The father of a three-year-old girl with spinal muscular atrophy (SMA) has accused the government of “playing God” by refusing to introduce newborn screening for the condition. Warren Davies, from Aberdare, south Wales, said it was “shocking” that the NHS does not test all babies for SMA, despite the availability of a simple £5 heel prick test.
His daughter Ophelia-May Davies was not diagnosed until after her second birthday, by which time she had suffered irreversible nerve damage. She has Type 2 SMA and is unlikely ever to walk. Her life expectancy is around 20 years. The family had to push for two years for a diagnosis, after being repeatedly told there was no developmental issue.
The Mirror is campaigning for the UK to join most other developed nations in screening for SMA at birth. A Lancet study published yesterday showed that adding an SMA check to the newborn blood spot test would save lives and money. However, the UK Government and the Welsh government are following a recommendation from the UK National Screening Committee to plan an NHS pilot first, unlikely to start before 2027. National rollout in England and Wales may not happen until 2031.

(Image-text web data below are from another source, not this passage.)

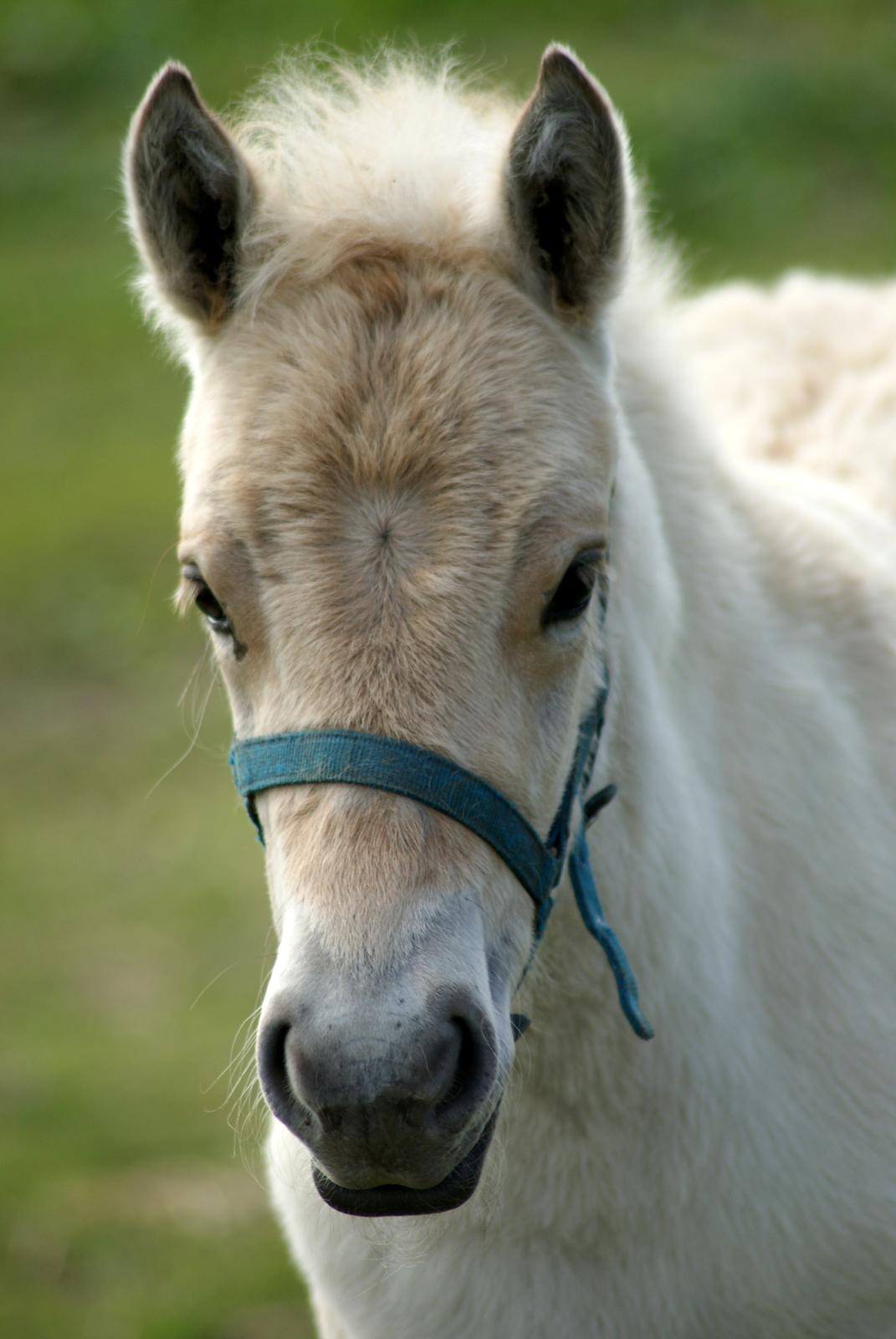 Fjordhest Klostermarkens felix billede 6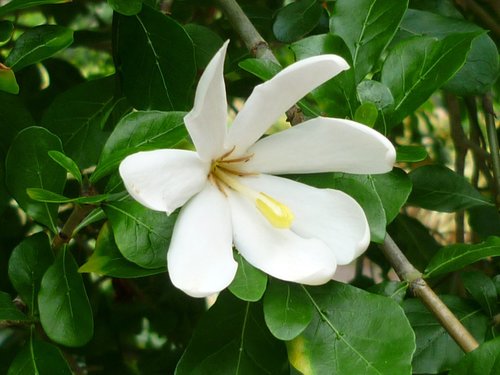 Gardenia cornuta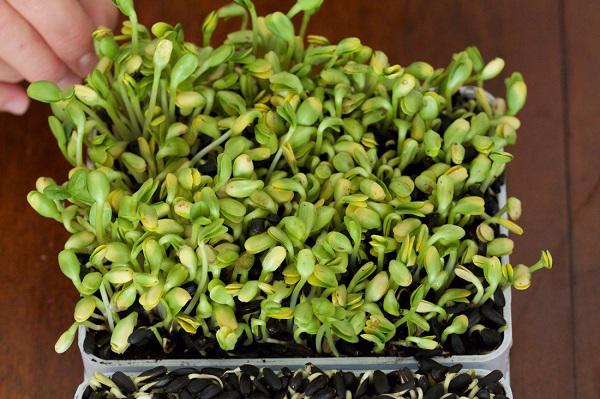 Tự trồng rau mầm hướng dương giòn bùi, 2 tuần là có rau ăn tẹt ga ai cũng mê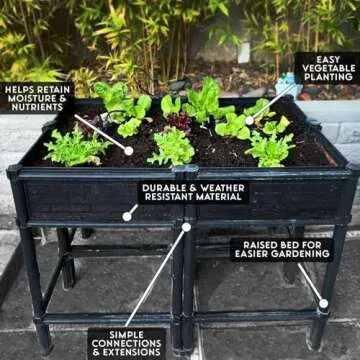 City Farmer USA Elevated Raised Garden Bed with Legs 7" Depth Planter Box | Non-Toxic Sun Protected Material | 36" L X 24" W X 27" H for Easy Planting | Large Vegetable & Herb Backyard Patio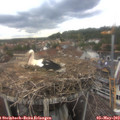 15_25-nest.jpg
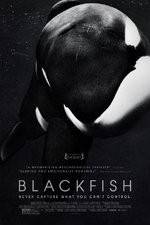 Watch Blackfish Letmewatchthis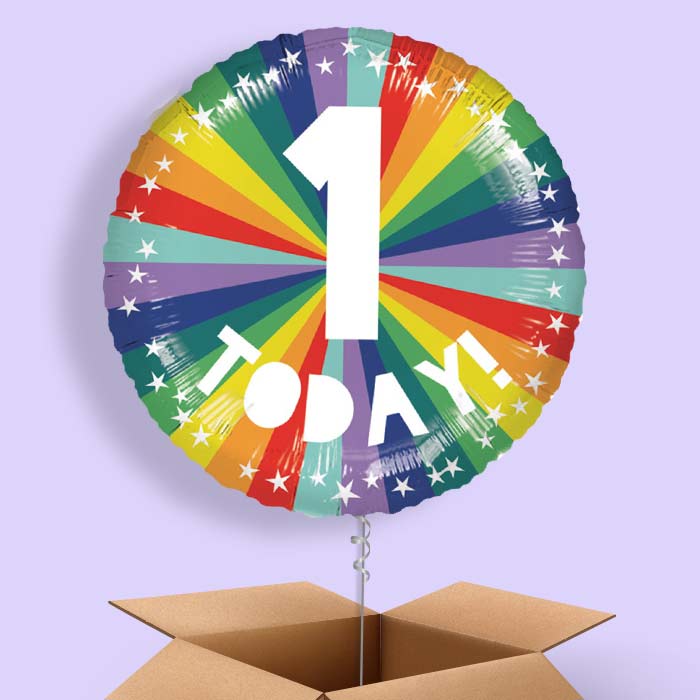 Age 1 1st Birthday Rainbow Foil Balloon in a Box - 1 Balloon | Small Indoor Plants
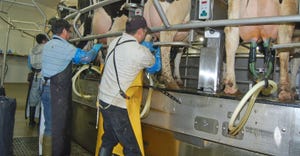 hired laborers milking cows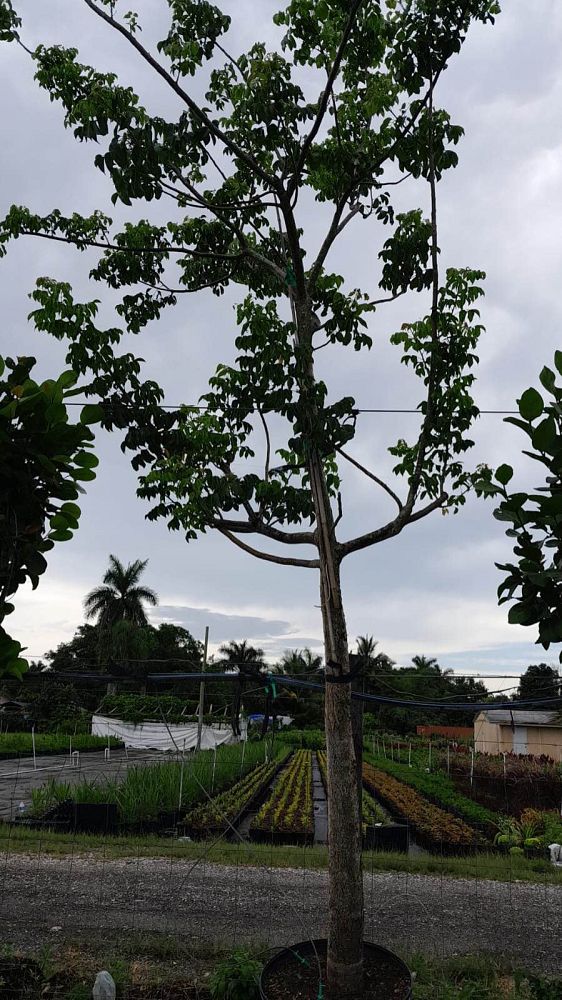 bursera-simaruba-gumbo-limbo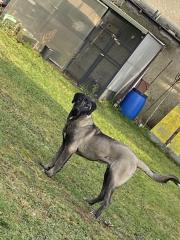 Sivas Kangal Reinrassig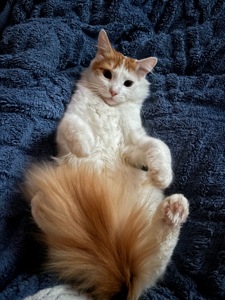 Стерилизованный котенок-подросток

In contrast, NHS Scotland will roll out SMA screening for all newborns from spring. Since 2019, three curative treatments have been made available on the NHS, including the one-off gene therapy Zolgesma, but they cannot reverse existing disability. Ophelia was diagnosed too late for Zolgesma and now takes daily risdiplam.
Warren and his partner Rhiannon Rafferty have launched a GoFundMe page to fund private physiotherapy, as NHS support is limited. Ophelia requires breathing support overnight and a monitor to alert her parents if her oxygen levels drop. Warren said: “We’re supposed to be a first world country and it’s absolutely shocking that the NHS doesn’t screen for this.”